Once you are asked to go beyond the third page in specific
dialog-based menuconfig sections (e.g. drivers)
you might just as well choose to enter minotaur labyrinth... :)
Of course that's needed for manual changes only (make oldconfig does the rest),
but it remains sufficiently painful.

> Unfortunately, Documentation is the greatest source of bikeshedding
> in the kernel. Even as the directory's nominal maintainer, I can't
> say "translations don't belong in there, they belong on the web"
> because Greg KH thinks they do so he'll check them in anyway. And
> then nobody maintains them because anybody who can read the english
> versions (and thus update the translations) doesn't need the
> translations.

Rock <-> hard place. :)

The question here might simply be: what's Best Practice (tm) for
dealing with translations? Unless that (I'm sure...) happens to not exist... ;)

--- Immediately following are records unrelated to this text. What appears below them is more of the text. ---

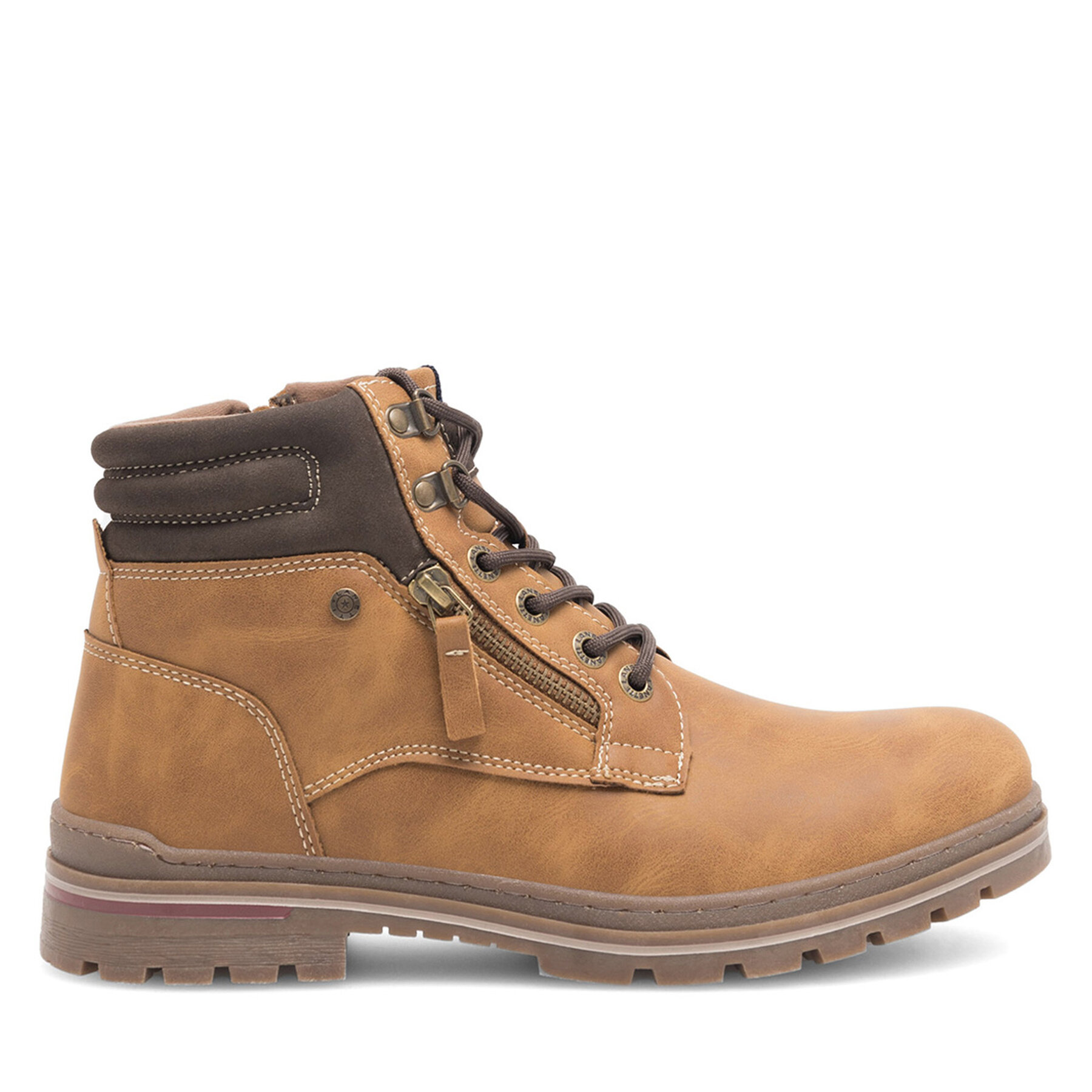 Polacchine Lanetti 22MW2042 Marrone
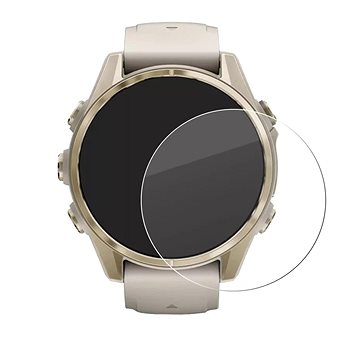 

RedGlass Garmin Fenix 8, 43 mm, 6 ks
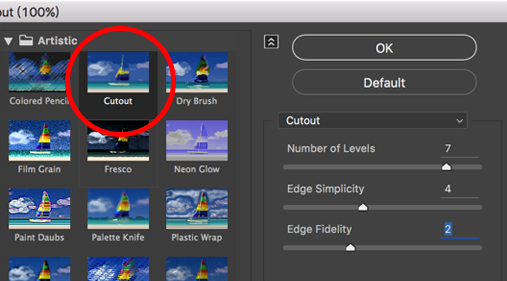 手把手教你制作冲击力超强的美漫风格海报(图文教程),mw2016072612,尺寸,文件,选择,第5张
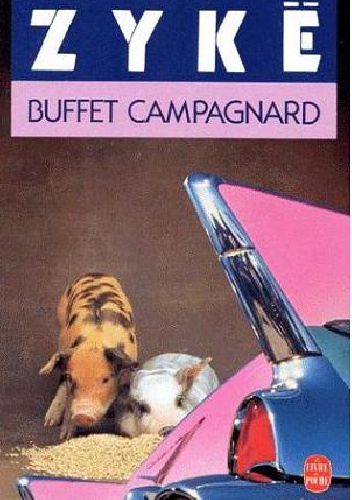 Okładka: Cizia Zykë - Buffet campagnard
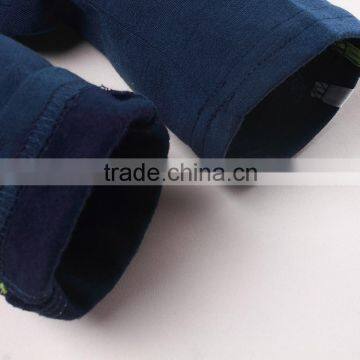 (CAR-1225) 2014 New Design Wholesale 2-10Y Kids Winter Clothes Boys Fleece Set photo-5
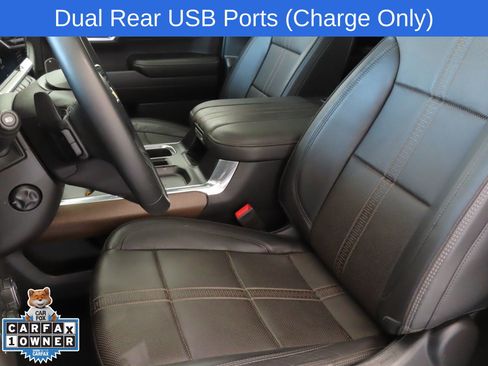 Used 2024 Chevrolet Silverado 1500 High Country w/ High Country Premium Package image 11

> There's functional stuff in there like the devicetree bindings.
> There's a Makefile that compiles stuff under Documentation, and not
> just the htmldocs but actual code. I still don't really know why...

Huh? Wow.

But then a
git log -p Documentation/Makefile
easily answers it:
it's exclusively for "documentation-side" sample source files,
to ensure that they always remain correctly buildable/working samples
of source code.

> Unfortunately, I only really get time to deal with this sort of
> thing in the downtime between contracts, and last time I had a gap
> the massive barn-door-locking after the kernel.org breakin still had
> my account disabled because I hadn't been to an in-person conference
> to get a new pgp key signed in years. (And now that I've been to a
> conference and gotten one signed, I need to sit down and write a new
> rsync replacement on top of kup because non-security people wrote a
> bespoke security wrapper for kernel.org to replace shell access,
> which means my old rsync script that updated http://kernel.org/doc
> needs to be replaced with a rube goldberg monstrosity to do the same
> thing in a much more complicated and less efficient way.)

Ouch.

Count me in on the huge "people in need of sufficiently recognized pgp signing"
list, though ;)

Andreas Mohr

--
GNU/Linux. It's not the software that's free, it's you.